Hi again.  I would like to express

Can I go downtown (to the center of town) in this streetcar?


Can I say:

Može přijet k centru v tom tramvaji?
Maybe instrumental "s timto tramvaji"

Děkuju


----------



## bibax

Mohu jet do centra touto tramvají?

More naturally:

Dostanu se do centra touto tramvají?

or

Jede tato tramvaj do centra?

Tramvaj is feminine (unlike in Russian), instrumental: touto tramvají.


----------



## Emys

V Brně jezdí šaliny.


----------



## K.u.r.t

bibax said:


> Jede tato tramvaj do centra?


This is the natural way of saying it. The others - whilst correct - sound a wee bit odd.


----------



## merquiades

K.u.r.t said:


> This is the natural way of saying it. The others - whilst correct - sound a wee bit odd.



Thank you all.  It does sound better, simple and easy to remember.

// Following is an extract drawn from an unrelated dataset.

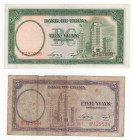 Cina - Bank of China - lotto di 2 banconote: 5 Yuan (MB) e 10 Yuan (FDS) 1937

Actually the English too  Is this streetcar going downtown?  Cheers!


----------



## ilocas2

The most natural sounding is "Jede tadyta tramvaj do centra?", but I don't know if the word "tadyta" is considered as Standard Czech or it's considered as colloquial.


----------



## bibax

*tady ta* is written separately; 

*tady ten, tady ta, tady to* = this here;

_Jede *tady ta* tramvaj do centra?_ = Is this here streetcar going downtown?


----------